The world’s leading publication for data science, AI, and ML professionals.

Do I need Big Data? And if so, how much?

Many companies follow the hype of big data without understanding the implications of the technology.

Photo by Jan Antonin Kolar on Unsplash
Photo by Jan Antonin Kolar on Unsplash

I call myself a "Big Data Expert". I have tamed many animals in the ever growing Hadoop zoo like HBase, Hive, Oozie, Spark, Kafka, etc… I helped companies to build and structure their Data Lake using appropriate subsets of these technologies. I like to wrangle with data from multiple sources to generate new insights (or to confirm old insights with evidence). I love to build Machine Learning models for predictive applications. So, yes, I would say that I am well experienced with many facets of what people would call "Big Data".

But at the same time, I became more and more skeptical of blindingly following the promises and the hype without understanding all the consequences and without evaluating the alternatives.

What is "Big Data"?

Before jumping into a discussion, let me first explain what I understand by the term "Big Data". If you asked someone on the street, what he thinks the term "Big Data" stands for, you probably get very broad answers about "huge amounts of data which is continuously generated by peoples interacting with computer systems which then is used to analyze personal preferences".

There is a very well known more formal definition of "Big Data", which focuses on three specific aspects of data:

  • High volume – the amount of data that is stored
  • High velocity – the speed at which new data arrives
  • High variety – the variety of formats and types (images, text, structured data)
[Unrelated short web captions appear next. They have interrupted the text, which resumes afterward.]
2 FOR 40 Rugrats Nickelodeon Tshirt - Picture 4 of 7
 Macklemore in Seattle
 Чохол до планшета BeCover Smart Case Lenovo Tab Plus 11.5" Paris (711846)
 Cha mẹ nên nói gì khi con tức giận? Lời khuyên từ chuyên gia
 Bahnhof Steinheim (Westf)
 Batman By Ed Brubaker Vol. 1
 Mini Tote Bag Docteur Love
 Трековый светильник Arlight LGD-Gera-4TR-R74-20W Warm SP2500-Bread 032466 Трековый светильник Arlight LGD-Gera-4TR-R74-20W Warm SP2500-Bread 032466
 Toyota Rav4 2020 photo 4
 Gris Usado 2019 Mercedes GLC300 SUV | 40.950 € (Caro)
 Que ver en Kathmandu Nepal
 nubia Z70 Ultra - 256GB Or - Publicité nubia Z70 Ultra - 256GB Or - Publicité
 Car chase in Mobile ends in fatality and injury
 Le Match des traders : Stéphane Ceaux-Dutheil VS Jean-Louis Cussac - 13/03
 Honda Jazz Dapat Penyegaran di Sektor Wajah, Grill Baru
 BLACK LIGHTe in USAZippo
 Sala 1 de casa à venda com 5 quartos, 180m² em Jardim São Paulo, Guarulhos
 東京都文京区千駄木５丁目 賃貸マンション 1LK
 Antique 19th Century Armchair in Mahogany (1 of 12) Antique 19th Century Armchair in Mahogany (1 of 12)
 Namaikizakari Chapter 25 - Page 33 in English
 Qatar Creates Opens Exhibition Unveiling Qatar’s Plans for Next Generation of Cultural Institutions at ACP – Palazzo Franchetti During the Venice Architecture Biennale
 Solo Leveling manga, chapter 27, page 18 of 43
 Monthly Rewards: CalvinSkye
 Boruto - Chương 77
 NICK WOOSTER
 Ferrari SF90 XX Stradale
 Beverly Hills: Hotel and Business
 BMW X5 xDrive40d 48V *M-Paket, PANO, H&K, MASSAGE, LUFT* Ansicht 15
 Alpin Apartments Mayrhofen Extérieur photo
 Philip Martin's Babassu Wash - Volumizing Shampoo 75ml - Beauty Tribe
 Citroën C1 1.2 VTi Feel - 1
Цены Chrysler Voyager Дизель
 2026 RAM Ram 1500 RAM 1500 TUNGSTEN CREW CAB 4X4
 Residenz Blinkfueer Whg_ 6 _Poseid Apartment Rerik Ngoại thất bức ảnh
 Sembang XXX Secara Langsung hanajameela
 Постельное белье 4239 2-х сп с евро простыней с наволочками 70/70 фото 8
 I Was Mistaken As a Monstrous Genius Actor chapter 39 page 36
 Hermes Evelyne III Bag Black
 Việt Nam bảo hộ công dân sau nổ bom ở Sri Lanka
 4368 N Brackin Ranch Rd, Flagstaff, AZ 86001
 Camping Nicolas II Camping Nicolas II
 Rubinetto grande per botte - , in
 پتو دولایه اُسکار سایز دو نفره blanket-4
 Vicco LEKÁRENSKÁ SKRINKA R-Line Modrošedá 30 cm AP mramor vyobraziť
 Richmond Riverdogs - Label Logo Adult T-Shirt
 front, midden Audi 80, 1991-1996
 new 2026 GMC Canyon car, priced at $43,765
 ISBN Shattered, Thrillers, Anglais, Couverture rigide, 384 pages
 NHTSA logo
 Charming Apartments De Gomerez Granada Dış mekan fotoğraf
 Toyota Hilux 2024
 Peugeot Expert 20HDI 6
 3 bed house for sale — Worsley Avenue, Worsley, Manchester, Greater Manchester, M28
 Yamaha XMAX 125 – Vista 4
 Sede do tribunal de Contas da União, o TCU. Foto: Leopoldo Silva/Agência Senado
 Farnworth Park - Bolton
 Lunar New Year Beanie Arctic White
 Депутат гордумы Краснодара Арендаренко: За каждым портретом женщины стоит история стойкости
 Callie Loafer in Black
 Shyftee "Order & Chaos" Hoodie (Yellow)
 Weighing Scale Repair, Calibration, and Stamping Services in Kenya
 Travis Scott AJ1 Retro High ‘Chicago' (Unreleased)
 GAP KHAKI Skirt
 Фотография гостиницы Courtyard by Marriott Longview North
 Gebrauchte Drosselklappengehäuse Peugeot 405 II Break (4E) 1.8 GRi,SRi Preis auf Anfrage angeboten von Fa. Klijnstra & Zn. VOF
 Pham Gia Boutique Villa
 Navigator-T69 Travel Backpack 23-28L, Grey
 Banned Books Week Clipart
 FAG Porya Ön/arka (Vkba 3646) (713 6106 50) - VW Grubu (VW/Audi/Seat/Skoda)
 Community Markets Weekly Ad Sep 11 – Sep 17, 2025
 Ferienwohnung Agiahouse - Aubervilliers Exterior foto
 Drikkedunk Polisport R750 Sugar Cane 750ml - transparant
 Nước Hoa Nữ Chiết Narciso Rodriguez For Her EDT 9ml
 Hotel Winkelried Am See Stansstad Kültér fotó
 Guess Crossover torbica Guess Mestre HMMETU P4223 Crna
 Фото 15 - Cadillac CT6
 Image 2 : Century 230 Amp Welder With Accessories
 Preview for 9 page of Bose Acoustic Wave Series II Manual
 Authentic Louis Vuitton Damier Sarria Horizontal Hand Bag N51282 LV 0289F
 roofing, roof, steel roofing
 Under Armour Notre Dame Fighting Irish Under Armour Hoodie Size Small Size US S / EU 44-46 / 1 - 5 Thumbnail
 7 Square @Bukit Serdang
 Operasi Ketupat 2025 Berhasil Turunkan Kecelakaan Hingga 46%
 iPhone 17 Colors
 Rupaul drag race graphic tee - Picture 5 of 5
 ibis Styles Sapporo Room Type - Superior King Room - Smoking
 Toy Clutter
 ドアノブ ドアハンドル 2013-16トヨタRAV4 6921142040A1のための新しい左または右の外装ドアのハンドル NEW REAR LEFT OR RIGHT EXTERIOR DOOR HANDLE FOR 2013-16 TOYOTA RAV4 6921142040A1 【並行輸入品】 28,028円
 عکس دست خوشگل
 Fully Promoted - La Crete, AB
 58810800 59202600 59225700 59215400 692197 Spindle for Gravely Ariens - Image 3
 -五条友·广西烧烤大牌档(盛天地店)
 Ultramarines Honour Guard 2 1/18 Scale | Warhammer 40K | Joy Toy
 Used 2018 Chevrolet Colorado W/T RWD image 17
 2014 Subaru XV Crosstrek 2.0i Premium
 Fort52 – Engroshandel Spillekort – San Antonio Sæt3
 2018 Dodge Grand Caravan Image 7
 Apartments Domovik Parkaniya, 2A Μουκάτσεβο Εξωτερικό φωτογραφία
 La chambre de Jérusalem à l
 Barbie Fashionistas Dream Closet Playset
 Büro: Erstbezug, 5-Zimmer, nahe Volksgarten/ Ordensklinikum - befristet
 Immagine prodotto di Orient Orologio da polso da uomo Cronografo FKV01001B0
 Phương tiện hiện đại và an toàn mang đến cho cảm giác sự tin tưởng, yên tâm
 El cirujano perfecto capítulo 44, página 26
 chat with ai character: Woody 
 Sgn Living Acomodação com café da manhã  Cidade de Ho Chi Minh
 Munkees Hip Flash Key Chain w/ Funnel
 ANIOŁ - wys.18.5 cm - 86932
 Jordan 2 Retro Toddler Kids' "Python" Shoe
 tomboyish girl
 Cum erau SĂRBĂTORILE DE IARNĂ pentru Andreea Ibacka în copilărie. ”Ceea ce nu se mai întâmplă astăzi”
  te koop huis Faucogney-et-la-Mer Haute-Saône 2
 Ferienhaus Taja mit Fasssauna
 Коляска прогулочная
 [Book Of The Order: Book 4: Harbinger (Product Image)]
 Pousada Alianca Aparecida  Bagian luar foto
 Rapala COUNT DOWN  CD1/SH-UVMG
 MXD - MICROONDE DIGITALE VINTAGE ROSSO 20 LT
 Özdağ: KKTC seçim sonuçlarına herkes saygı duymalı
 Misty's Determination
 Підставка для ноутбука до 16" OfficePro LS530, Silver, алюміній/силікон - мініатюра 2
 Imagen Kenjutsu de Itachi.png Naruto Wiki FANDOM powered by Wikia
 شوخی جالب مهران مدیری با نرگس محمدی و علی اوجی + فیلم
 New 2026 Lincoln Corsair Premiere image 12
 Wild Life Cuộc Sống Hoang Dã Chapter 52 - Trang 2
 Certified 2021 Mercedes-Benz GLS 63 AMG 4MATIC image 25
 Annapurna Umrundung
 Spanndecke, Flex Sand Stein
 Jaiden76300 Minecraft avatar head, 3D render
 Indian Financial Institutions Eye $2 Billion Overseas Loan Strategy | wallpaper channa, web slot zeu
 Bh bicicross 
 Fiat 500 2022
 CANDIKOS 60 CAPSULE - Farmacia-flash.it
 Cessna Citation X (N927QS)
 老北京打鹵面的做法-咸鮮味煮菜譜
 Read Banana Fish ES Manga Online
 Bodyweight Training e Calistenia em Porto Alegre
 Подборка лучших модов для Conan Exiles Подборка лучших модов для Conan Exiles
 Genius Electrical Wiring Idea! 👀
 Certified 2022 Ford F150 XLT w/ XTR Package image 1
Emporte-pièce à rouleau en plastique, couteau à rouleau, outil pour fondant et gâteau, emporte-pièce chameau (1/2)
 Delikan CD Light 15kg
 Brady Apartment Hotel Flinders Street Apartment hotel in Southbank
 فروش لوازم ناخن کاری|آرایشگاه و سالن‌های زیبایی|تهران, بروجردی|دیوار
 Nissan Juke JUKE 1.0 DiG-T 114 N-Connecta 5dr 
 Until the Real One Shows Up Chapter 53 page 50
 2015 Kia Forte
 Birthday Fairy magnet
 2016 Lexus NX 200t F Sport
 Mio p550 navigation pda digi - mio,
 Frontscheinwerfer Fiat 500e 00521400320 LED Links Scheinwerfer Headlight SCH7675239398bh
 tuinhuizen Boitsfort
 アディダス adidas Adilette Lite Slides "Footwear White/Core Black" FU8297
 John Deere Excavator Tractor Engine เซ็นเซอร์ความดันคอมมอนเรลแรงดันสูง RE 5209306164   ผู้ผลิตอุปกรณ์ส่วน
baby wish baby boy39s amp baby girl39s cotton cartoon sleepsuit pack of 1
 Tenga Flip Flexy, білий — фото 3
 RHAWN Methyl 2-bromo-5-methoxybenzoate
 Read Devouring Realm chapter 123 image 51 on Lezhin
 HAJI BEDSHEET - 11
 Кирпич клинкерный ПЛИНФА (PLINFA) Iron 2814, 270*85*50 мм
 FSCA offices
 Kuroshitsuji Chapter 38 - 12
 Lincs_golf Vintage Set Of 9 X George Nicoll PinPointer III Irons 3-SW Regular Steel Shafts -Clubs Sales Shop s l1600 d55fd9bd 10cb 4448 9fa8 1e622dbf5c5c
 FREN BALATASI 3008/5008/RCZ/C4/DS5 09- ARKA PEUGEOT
It’s interesting to see that this definition really is only about the data itself and not about the processes to analyze the data. That is in stark contrast to the imagined answer above, which also contains the usage of the data. From my experience, the analytics part is the most important aspect of "Big Data" both from a companies and from a societies point of view.

In this article, I want to focus on the technology aspect of "Big Data", i.e. on the software and hardware stack required to work with high volume, high variety and possibly high velocity data. This includes both Hadoop but also scalable NoSQL databases like MongoDB, Cassandra etc.

Big Data Promises

A couple a years ago, I had the impression that big software and consulting companies sold the "Big Data" hype to their customers by promising the creation of a new level of insights from data. Today I would say that only a small fraction of companies actually succeeded in implementing a successful Big Data strategy, most other companies failed or are happy that they didn’t follow the hype. Simply think about Cloudera, one of the huge proponents of building Data Lakes, which almost went bankrupt although they had all the technology at hand to generate the insights to create the right decisions.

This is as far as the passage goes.